We rode out in the outdoor ring, which I have been avoiding since my confidence took a hit last month and I’ve been sticking to the more enclosed covered arena. But I want to power through some of my anxieties, and for me that means having an instructor there to get me out of my head and focusing on the saddle. Speaking of saddles by the way, the Amerigo Vega monoflap is officially the winner of the trial period, and though it was odd to have a dressage lesson in jump tack, I’m grateful to finally have a saddle that fits my gangly boy.
We started our lesson by warming up with a forward walk, and getting me to focus on staying relaxed until I trusted that I could really lengthen my reins to a semi-free walk length and allow him to telescope his neck out- a main focus for the next hour. Once I was able to do so without crabbing up, we introduced transitions between medium walk and free walk. I haven’t yet attempted medium walk, as we were focusing on the forward motion of the walk primarily, but it was a relief to see that he seemed to understand the concept fairly readily. For now though, we don’t want to keep him in medium walk for more than a few strides, since it’s hard for him to hold at this stage.

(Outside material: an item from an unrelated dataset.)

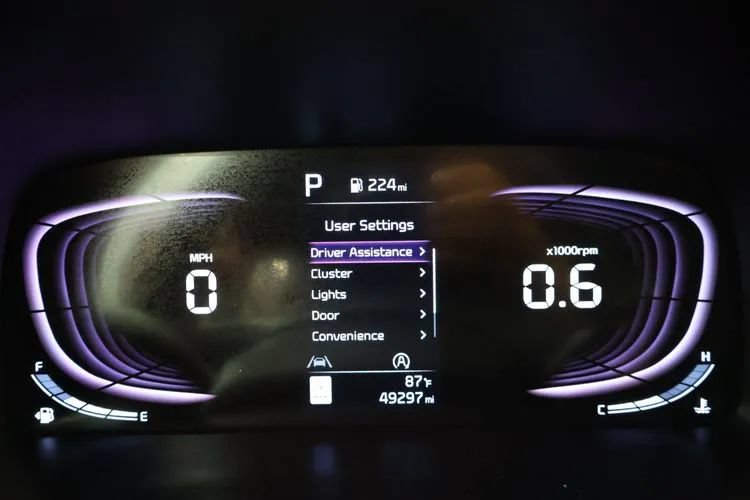 Used 2024 Kia Soul LX w/ LX Technology Package FWD image 24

Moving into the trot, again the focus was on transitions. We started asking that the walk to trot transition be from back-to-front, meaning that the push was coming from behind. Again because of the baby status, that meant that it was a small effort, a few small steps before moving into the proper forward, working trot. I now realize that I have been holding my reins too short, and I need to focus on keeping them long enough that he can reach out with his neck at all times. If he comes up in the poll or above the bit, I am allowed to widen my hands to keep the contact with his mouth, but not allowed to shorten the reins in response. Then when he lowers his neck and stretches out again I can slowly bring my hands back together. And if Smitty were to become resistant, or attempt to dive down into the contact and drag me along, it is my job to ride with a strong core and back and lower leg. Then I don’t run the risk as much of being pulled over the handlebars and I can trust in myself to stay balanced should anything happen. Similarly, I need to stay strong and balanced into the downward transitions and keep him marching, instead of going splat into the walk or trot like he wants to do.
our my biggest challenge during the lesson was keeping myself loose and pushing him through any distractions. The outdoor ring is horrible for this, being surrounded on two sides by a trailer park, a third side by a neighborhood under construction, and the last side by a spooky hay barn. I feel like I am constantly watching to see if dogs are going to pop out, or cars, or trailers, or deer… you get the picture. So when one of the neighborhood residents closest to the arena started up his Harley Davidson, and preceded to let it warm up for 5 minutes just out of sight, I nearly lost my shit. Riding can be so much of a mental game, and truthfully, last night I had some fail moments. While Smitty handled it quite beautifully for a youngster, I was a tense mess until the motorcycle left the area and confined us to the furthest end of the arena, clutching my neck strap for dear life. Now looking back on it, I realize that I really need to push through and find some trust in Smitty, or fate, or what have you, and not lose my game face any time the atmosphere becomes challenging. Because as Eliza reminded me, you can’t control the weather, or the atmosphere, or even the footing sometimes, but you can always control or focus on your line, or your tempo, or your bend when those things become annoyances, and that it’s best to just keep riding through.
We found a really good note to end things on, cantering in both directions, and Eliza praised us for our progress with the quality of our canter departs and for the overall picture. It was a good lesson for reminding me of the positives and for getting an outside perspective on myself and my abilities as well as how Smitty actually is a very good baby and that it’s going to take time for us to develop a partnership. Tonight, we squeeze in a jump lesson with a new-to-me trainer. Hopefully I can build on some of this retrospective mental mojo and get some good points to boot!